**THE DATA:**
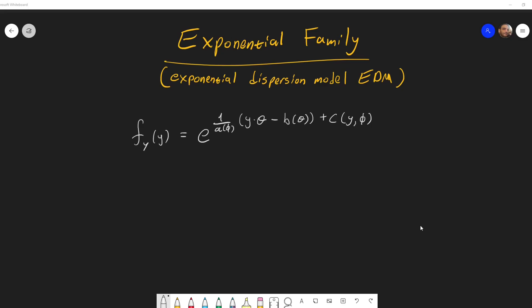In this video, I will talk about the exponential family, which is also sometimes called the exponential dispersion model, or EDM. What does it mean for a distribution to be part of an exponential family?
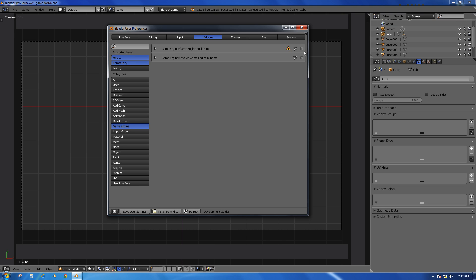I'll click on Save User Settings. I've already enabled these - they won't be by default - but I'll click on Save User Settings and then close the Preferences.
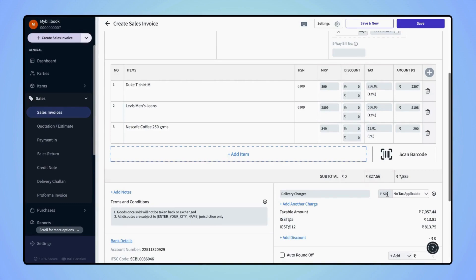If you also want to apply GST to this additional charge, then simply click on the drop down and select the GST rate.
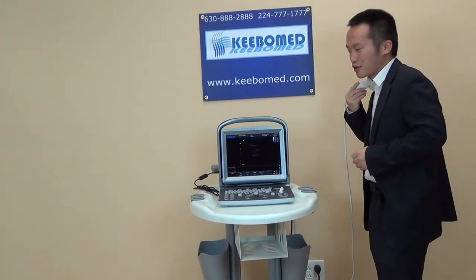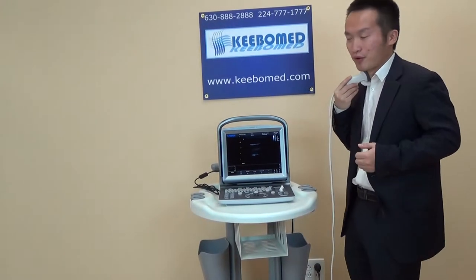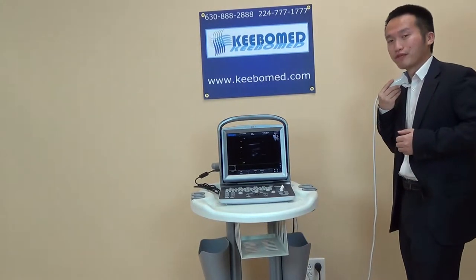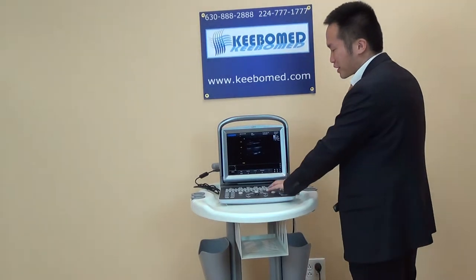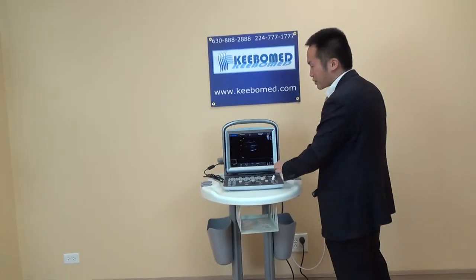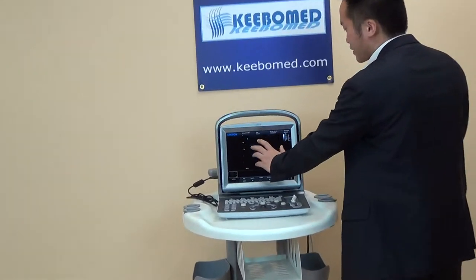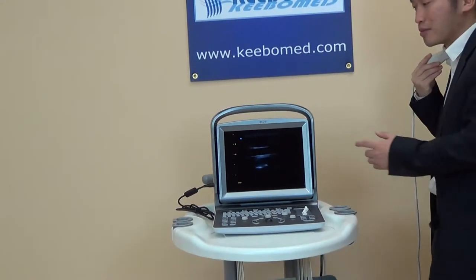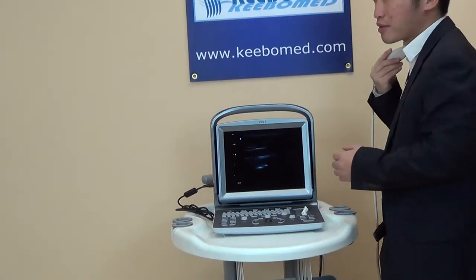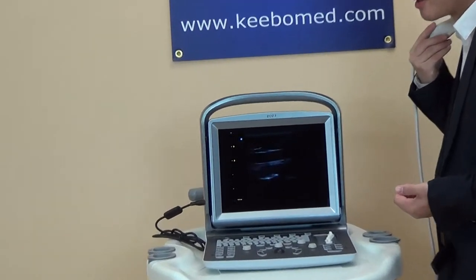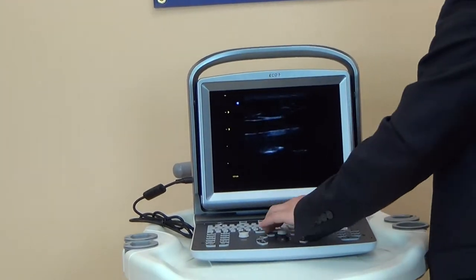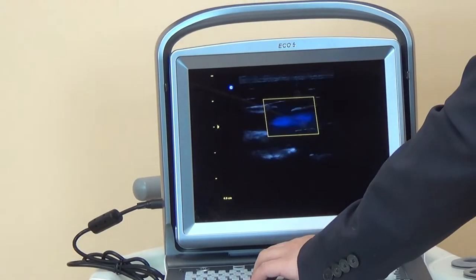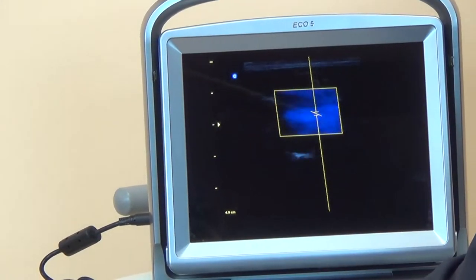Now here I just want to show you one more thing for the image mode — we call it 'one key for screen.' Like here, we just press one key, we can enlarge the image to full screen, to make the doctor look more clearly. And even on this interface, we also can enter into the color, or enter into the power wave.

**WORK TO COMPLETE:** A word-for-word reproduction is needed of the lines above from the line containing "I'll click on Save User Settings." through the line containing "If you also", with both ends kept and no pictures.

**RESULT:**
I'll click on Save User Settings. I've already enabled these - they won't be by default - but I'll click on Save User Settings and then close the Preferences.
If you also want to apply GST to this additional charge, then simply click on the drop down and select the GST rate.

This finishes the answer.